This strategy of adjusting positions to be invested in
the best performing trades is detailed in our book "The Position Leverage Strategy"
(a book you'll get for FREE when you join
the
Power Program).
So at the end of day #2 the odds of a reversal up has
increased, we have increased our exposure from 25% to 50% and adjusted our
positions to be invested in the 10 top performing trades.
Day #3: The bulls reverse the action as
expected and the market makes a good gain. The up move is now underway.
The market analysis indicates the move is fairly strong and should continue.
With the move underway we're not going to make any
adjustment in our exposure at this time. We'll maintain our 50% exposure
level for the moment.
Comparing the performance of the 25 signals in our trade
pool, 3 of our existing positions has fallen out of the top 10, but 4 of our
trades are really producing huge profits.
With 3 days of performance under our belts, we're
getting a good idea of which stocks are truly great trades. We can now
begin to consolidate our money into the very top performers.
Therefore, of the 10 trades we currently have, we're
going to close the bottom 5 and put those funds into the remaining 5. The
result is that we still have a 50% exposure, but those funds are now located in
the top 5 performing trades.
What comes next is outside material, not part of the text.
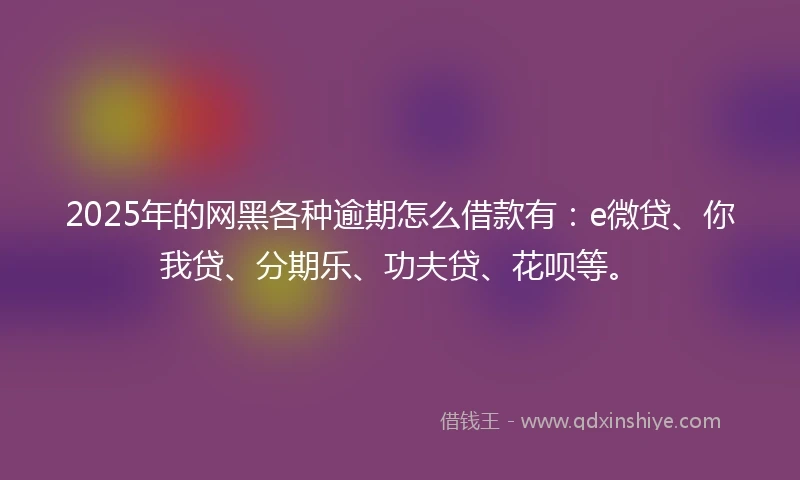 2025年的网黑各种逾期怎么借款有：e微贷、你我贷、分期乐、功夫贷、花呗等。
After 3 days of trade performance, these 5
stocks are best performing signals of all 25 in our trade pool.
Day #4: The bulls score another victory,
but the market analysis reveals the up move is losing steam. The bulls are
still favored to move, but the odds are decreasing and a bear reversal is
approaching.
As a result of the market analysis, we're going to
decrease our exposure from 50% back down to 25%. The method of decreasing
exposure can vary. If the top 1 or 2 performing trades is substantially
greater than the remaining 3 or 4, I'll tend to take more money out of the
weaker trades and leave a lot of money in the really strong trades. But if
the 5 trades are performing relatively equal, I'll take an equal amount out of
each trade.
The end result is that enough money is taken out to
reduce our total exposure from 50% down to 25% to match the bullish odds.
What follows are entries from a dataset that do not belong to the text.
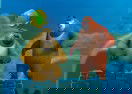 Bear Sea Adventure 2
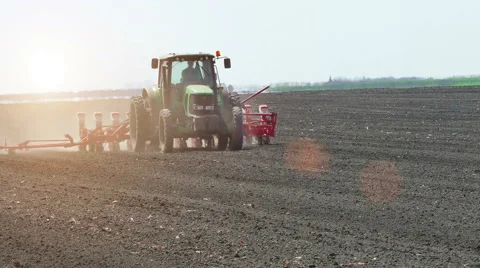 Spring Sowing of Sugar Beet Stock Footage 62341548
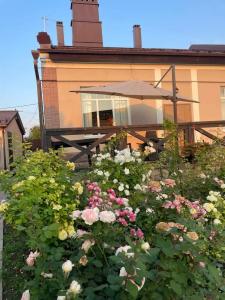 Usadba Ilyinskaya - 23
Our 5 existing trades remain as the top performers, so
we're not going to make any position adjustments.
Day #5: The bulls score another victory,
but the market analysis reveals the bulls have closed right at a resistance
level. The action also produced a reversal signal and the bulls are
showing real weakness. The conclusion is that the bears are now favored to
reverse and make a down move.
At this point we close our remaining trades and book
profits. The technical odds have now swung against the bulls and it's time
to exit all trades.
Day #6: The bears reverse the action and
the market moves down. Had we remained in the action we would have
suffered a loss of profits.
We don't provide trade system performance data because in the real world of trading, much of the performance is determined by
HOW YOU USE THE SYSTEM... not
just the technical strength of the system.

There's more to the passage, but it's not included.